The lines below, from the one containing "Data Facts Findings" through the one containing "Eternia Rhinestone Eternity Ring", should be set down exactly, with no pictures and nothing else.

SOURCE INFORMATION.
******************************
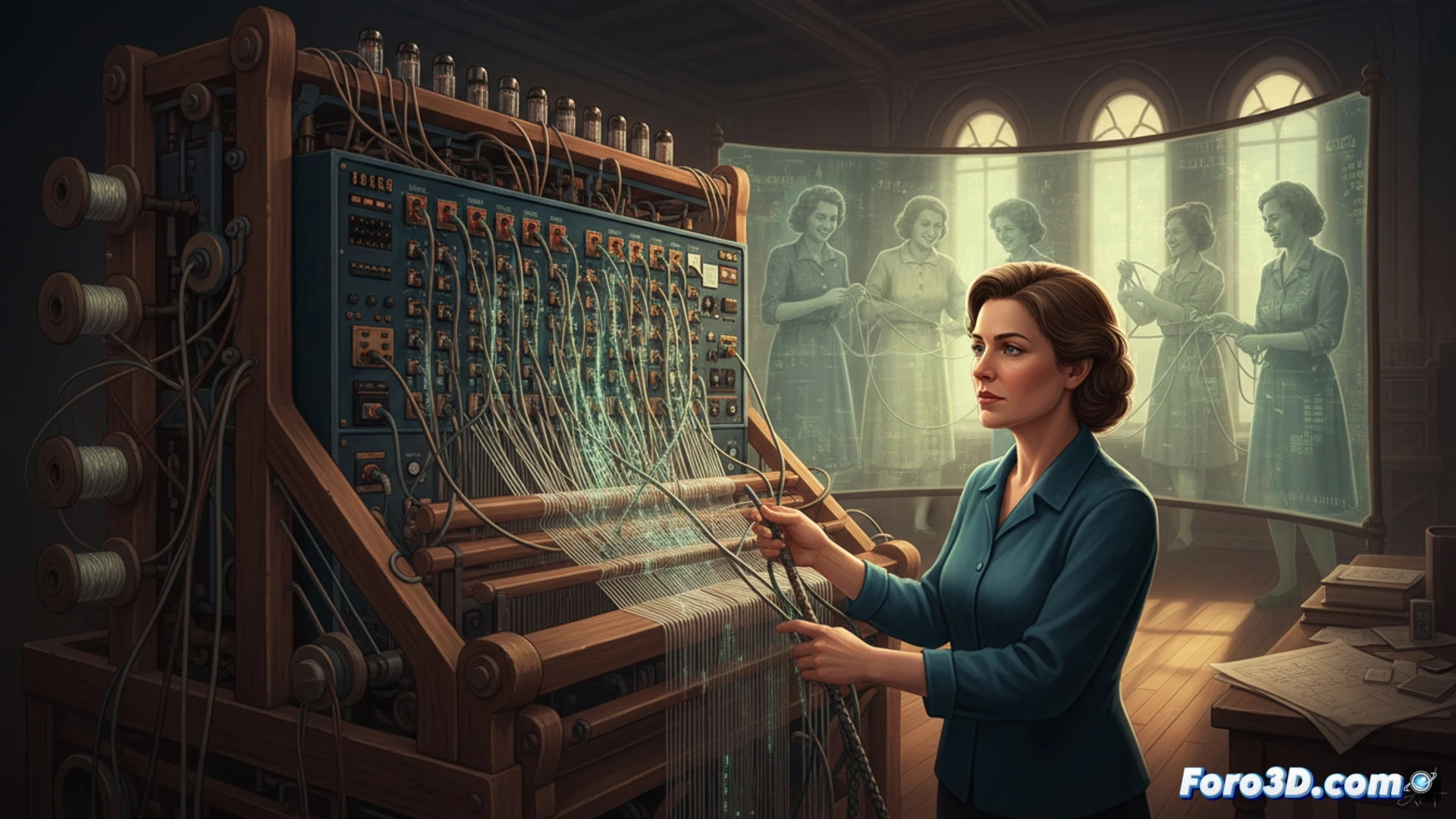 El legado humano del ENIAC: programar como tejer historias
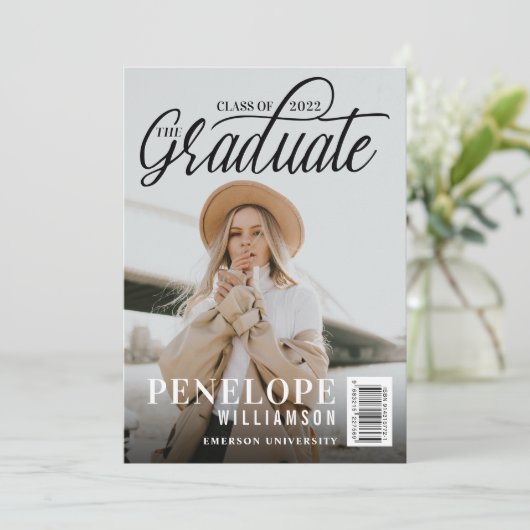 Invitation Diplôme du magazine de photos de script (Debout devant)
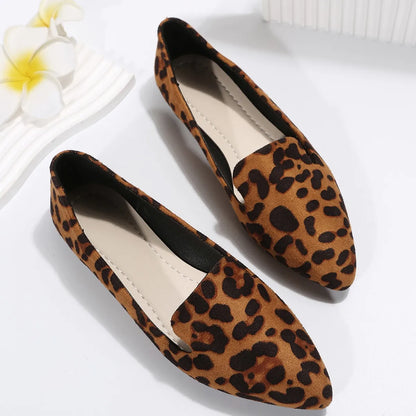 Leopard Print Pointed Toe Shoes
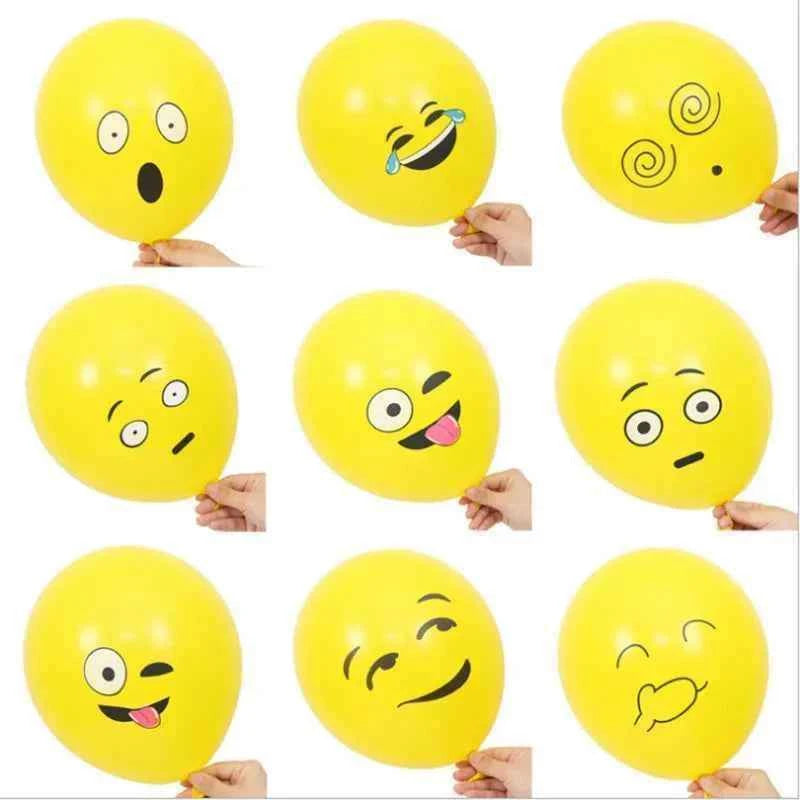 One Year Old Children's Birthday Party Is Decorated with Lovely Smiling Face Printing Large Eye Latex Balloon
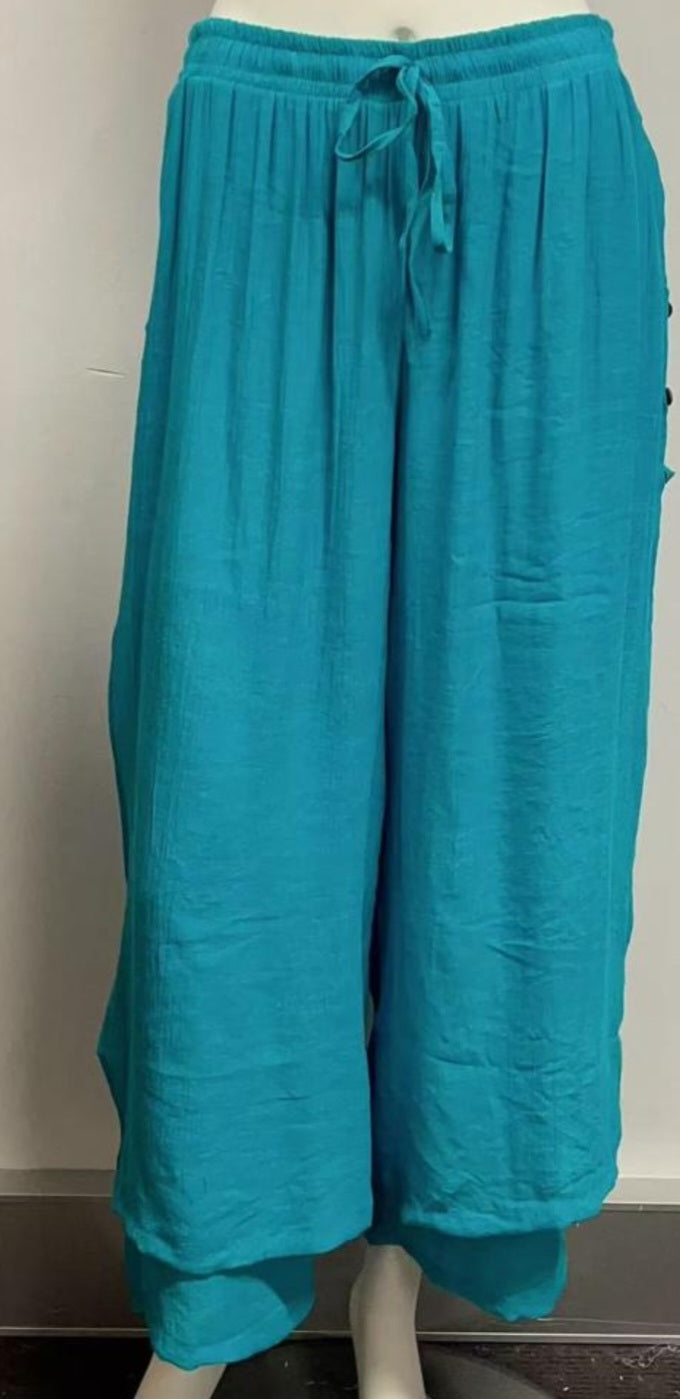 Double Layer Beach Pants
******************************
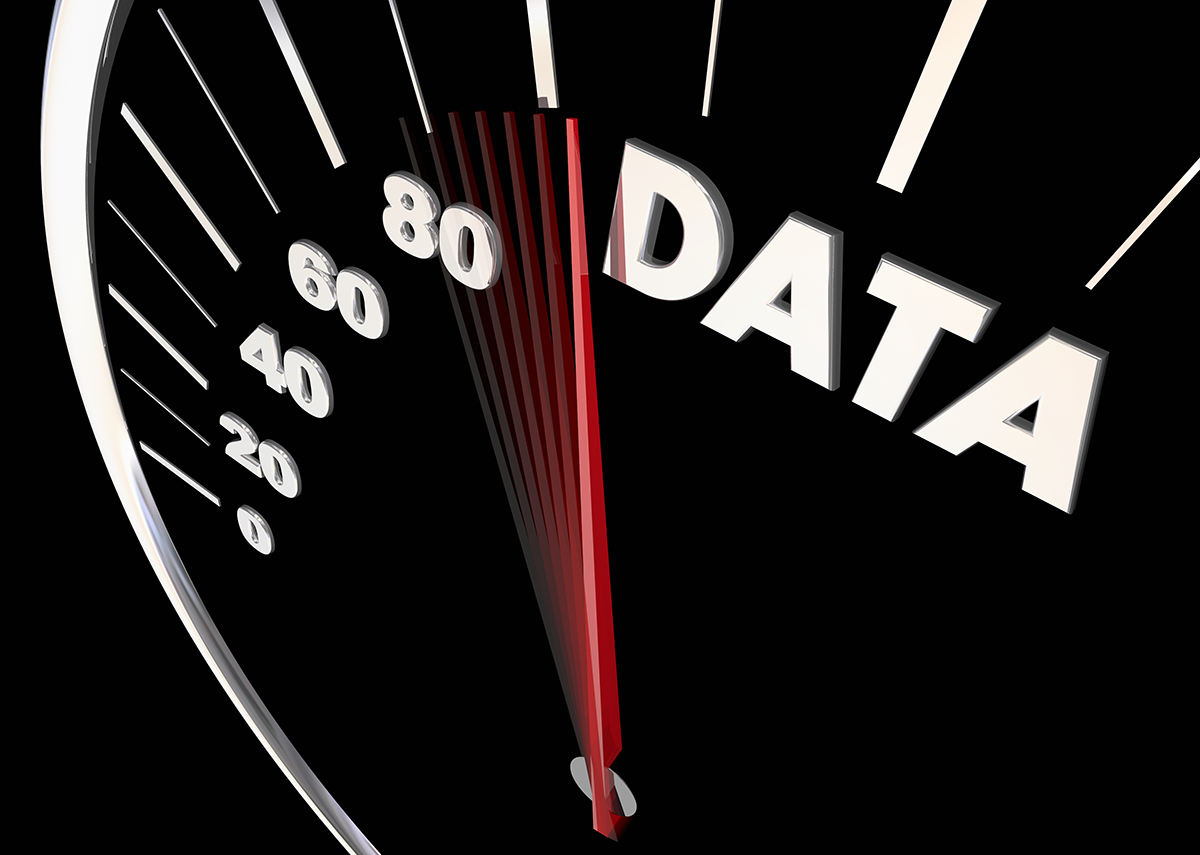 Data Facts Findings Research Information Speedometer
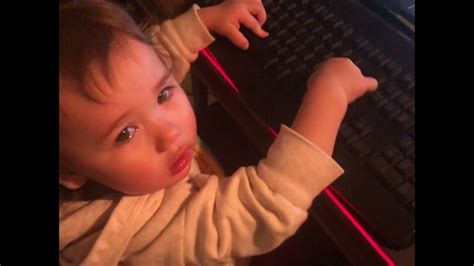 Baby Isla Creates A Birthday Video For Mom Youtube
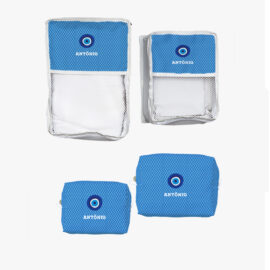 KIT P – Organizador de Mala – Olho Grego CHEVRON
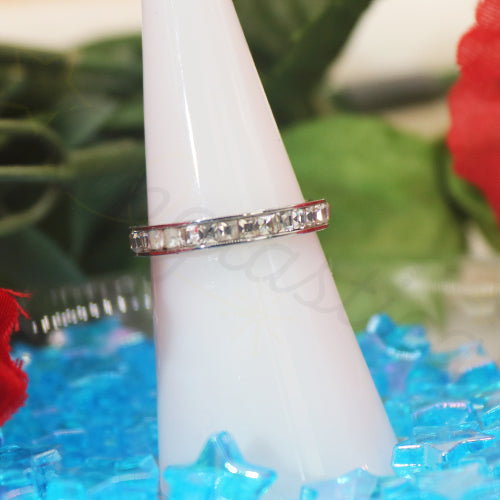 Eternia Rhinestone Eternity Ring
******************************
RESULT OF THIS EXERCISE.
 Data Facts Findings Research Information Speedometer
 Baby Isla Creates A Birthday Video For Mom Youtube
 KIT P – Organizador de Mala – Olho Grego CHEVRON
 Eternia Rhinestone Eternity Ring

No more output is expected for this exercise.